反应式服务。分组和缓存流
Reactive services. Grouping and caching streams
新:带有测试的完整源代码现在位于 https://github.com/bboyle1234/ReactiveTest
假设我们有一个视图状态对象,它可以通过小的局部视图更改事件进行更新。以下是总视图、增量视图更新事件和构建总视图的累加器函数 Update 的一些示例模型:
interface IDeviceView : ICloneable {
Guid DeviceId { get; }
}
class DeviceTotalView : IDeviceView {
public Guid DeviceId { get; set; }
public int Voltage { get; set; }
public int Currents { get; set; }
public object Clone() => this.MemberwiseClone();
}
class DeviceVoltagesUpdateView : IDeviceView {
public Guid DeviceId { get; set; }
public int Voltage { get; set; }
public object Clone() => this.MemberwiseClone();
}
class DeviceCurrentsUpdateView : IDeviceView {
public Guid DeviceId { get; set; }
public int Current { get; set; }
public object Clone() => this.MemberwiseClone();
}
class DeviceUpdateEvent {
public DeviceTotalView View;
public IDeviceView LastUpdate;
}
static DeviceUpdateEvent Update(DeviceUpdateEvent previousUpdate, IDeviceView update) {
if (update.DeviceId != previousUpdate.View.DeviceId) throw new InvalidOperationException("Device ids do not match (numskull exception).");
var view = (DeviceTotalView)previousUpdate.View.Clone();
switch (update) {
case DeviceVoltagesUpdateView x: {
view.Voltage = x.Voltage;
break;
}
case DeviceCurrentsUpdateView x: {
view.Currents = x.Current;
break;
}
}
return new DeviceUpdateEvent { View = view, LastUpdate = update };
}
接下来,假设我们已经有一个可注入服务,能够为所有设备生成可观察的小更新事件流,并且我们想要创建一个服务,为单个设备生成聚合视图流.
这是我们要创建的服务的接口:
interface IDeviceService {
/// <summary>
/// Gets an observable that produces aggregated update events for the device with the given deviceId.

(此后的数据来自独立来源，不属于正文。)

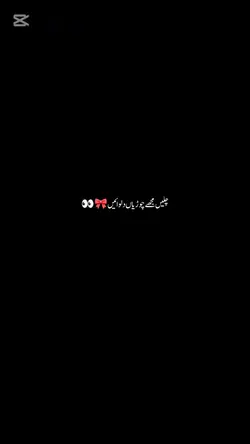 eid Mubarak 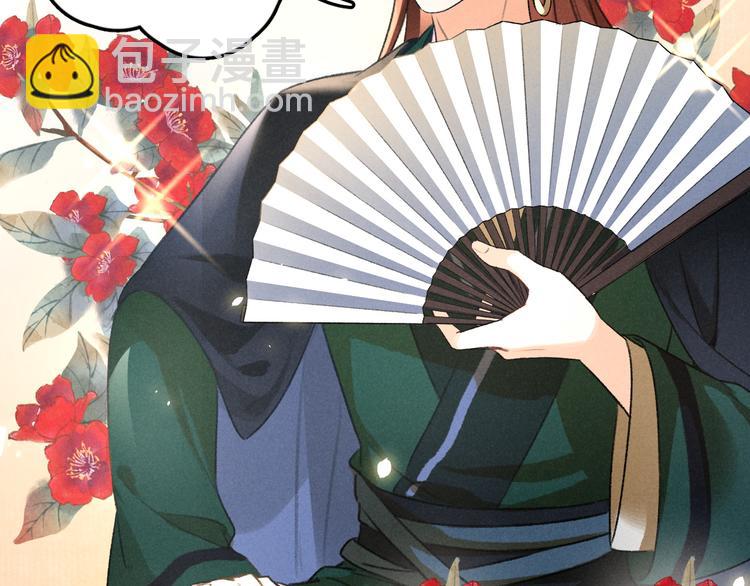 第16话 抑制不住的情愫(1/2)-第19话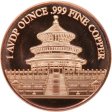 (image for) Panda 1 oz .999 Pure Copper Round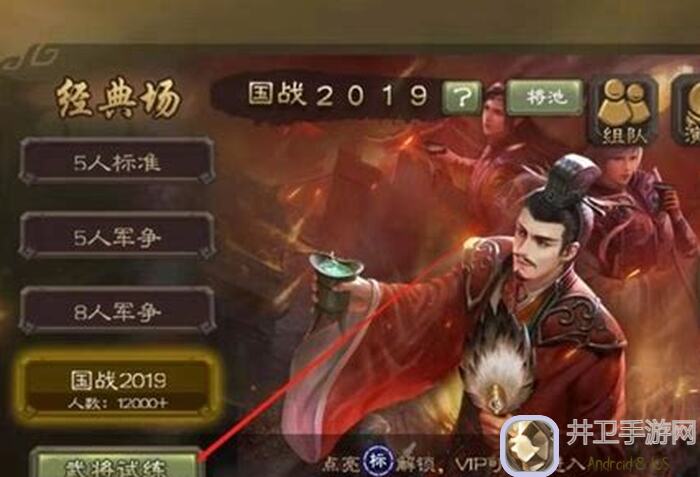三国猛将100%抓猪全攻略，教你秒变猪神!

/// On subscription, the most recent event is immediately pushed to the subscriber.
/// There can be multiple subscribers.
/// </summary>
IObservable<DeviceUpdateEvent> GetDeviceStream(Guid deviceId);
}
如何使用 System.Reactive v4 库中针对 .netstandard2.0 的响应式扩展来实现此接口及其要求?这是我的带注释的锅炉代码,这是我所能得到的。
class DeviceService : IDeviceService {
readonly IObservable<IDeviceView> Source;
public DeviceService(IObservable<IDeviceView> source) { // injected parameter
/// When injected here, "source" is cold in the sense that it won't produce events until the first time it is subscribed.
/// "source" will throw an exception if its "Subscribe" method is called more than once as it is intended to have only one observer and
/// be read all the way from the beginning.
Source = source;
/// Callers of the "Subscribe" method below will expect data to be preloaded and will expect to be immediately delivered the most
/// recent event. So we need to immediately subscribe to "source" and start preloading the aggregate streams.
/// I'm assuming there is going to need to be a groupby to split the stream by device id.
var groups = source.GroupBy(x => x.DeviceId);
/// Now somehow we need to perform the aggregrate function on each grouping.
/// And create an observable that immediately delivers the most recent aggregated event when "Subscribe" is called below.
}
public IObservable<DeviceUpdateEvent> GetDeviceStream(Guid deviceId) {
/// How do we implement this? The observable that we return must be pre-loaded with the latest update
throw new NotImplementedException();
}
}
你在那个要点中有一些奇怪的代码。这是我的工作:
public class DeviceService : IDeviceService, IDisposable
{
readonly IObservable<IDeviceView> Source;
private readonly Dictionary<Guid, IObservable<DeviceUpdateEvent>> _updateStreams = new Dictionary<Guid, IObservable<DeviceUpdateEvent>>();
private readonly IObservable<(Guid, IObservable<DeviceUpdateEvent>)> _groupedStream;
private readonly CompositeDisposable _disposable = new CompositeDisposable();
public DeviceService(IObservable<IDeviceView> source)
{
Source = source;
_groupedStream = source
.GroupBy(v => v.DeviceId)
.Select(o => (o.Key, o
.Scan(new DeviceUpdateEvent { View = DeviceTotalView.GetInitialView(o.Key), LastUpdate = null }, (lastTotalView, newView) => lastTotalView.Update(newView))
.Replay(1)
.RefCount()
));
var groupSubscription = _groupedStream.Subscribe(t =>
{
_updateStreams[t.Item1] = t.Item2;
_disposable.Add(t.Item2.Subscribe());
});
_disposable.Add(groupSubscription);
}
public void Dispose()
{
_disposable.Dispose();
}
public IObservable<DeviceUpdateEvent> GetDeviceStream(Guid deviceId)
{
/// How do we implement this? The observable that we return must be pre-loaded with the latest update
if(this._updateStreams.ContainsKey(deviceId))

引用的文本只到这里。